Chipping Away at the Insurance Bedrock

New Jersey Law Journal

PUBLISHED ON: August 14, 2017

Download PDF

The bedrock principle of New Jersey insurance coverage law is that the insurance policy is an adhesion contract drafted solely by the insurance industry. As our Supreme Court stated more than 50 years ago:

Insurance contracts are unipartite in character. They are prepared by the company’s experts, men learned in the law of insurance who serve its interest in exercising their draftsmanship art. The result of their effort is given to the insured in printed form upon the payment of his premium. The circumstances long ago fathered the principle that doubts as to the existence of coverage must be resolved in favor of the insured.

Kievit v. Loyal Protective Life Insurance Co., 34 N.J. 475 (1961). See also, Voorhees v. Preferred Mutual Insurance Co., 128 N.J. 165 (1992) ("But because insurance policies are adhesion contracts, courts must assume a particularly vigilant role in ensuring their conformity to public policy and principles of fairness.").

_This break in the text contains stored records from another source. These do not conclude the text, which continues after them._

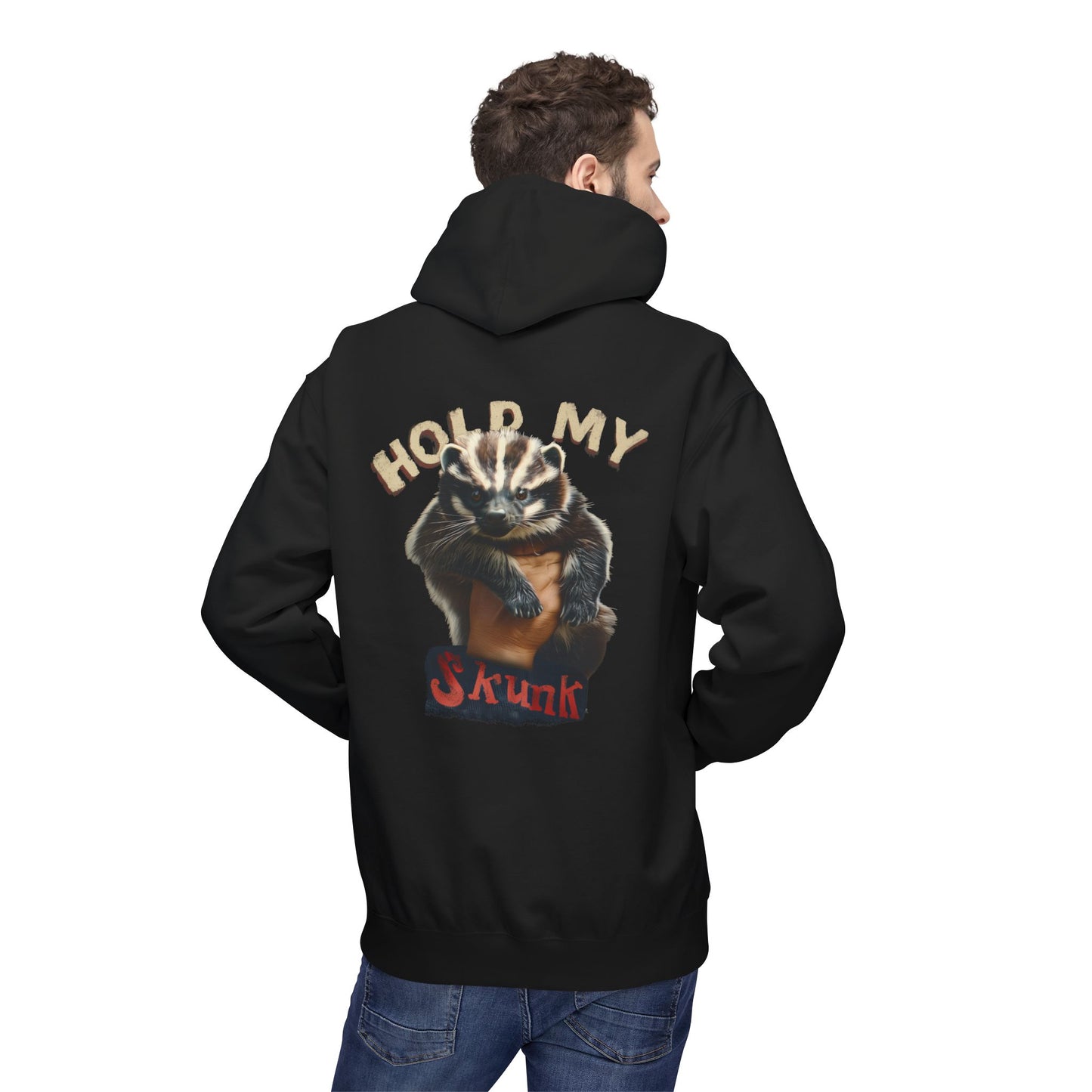 Beam Me Up, BUBBA! / Hold My Skunk! Unisex Hoodie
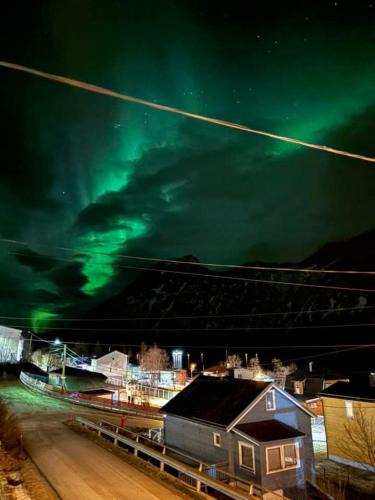 Torsken House | Gulhjem I Gryllefjord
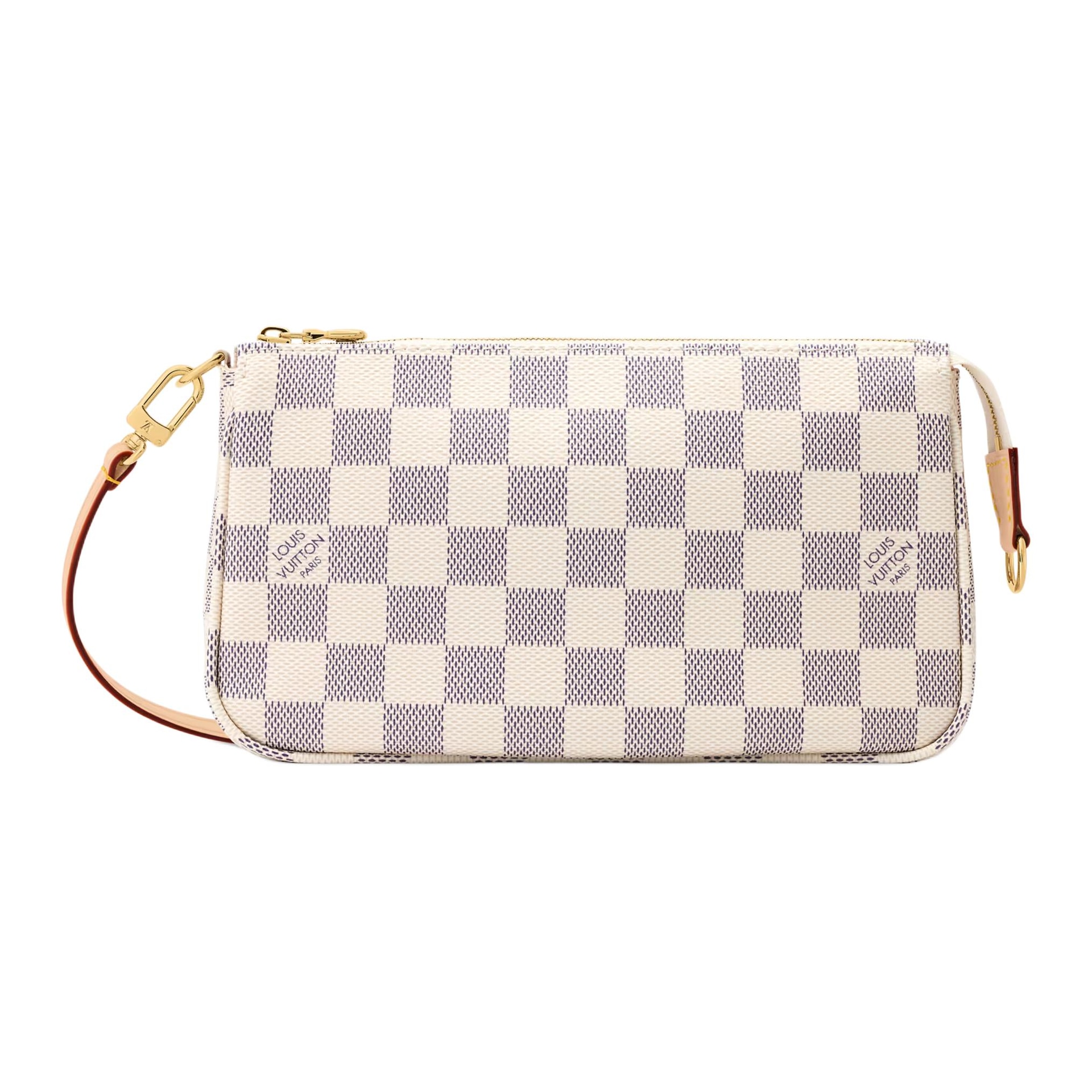 Сумки Louis Vuitton POCHETTE ACCESSOIRES Damier Azur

This principle has been reiterated time and time again by the Supreme Court since 1961 as the court established the structure of modern New Jersey insurance law. This principle lies at the base of New Jersey’s rules of insurance policy interpretation: courts give terms in an insurance policy their ordinary meaning; interpret ambiguities in favor of coverage; construe exclusions narrowly; and respect the objectively reasonable expectations of policyholders.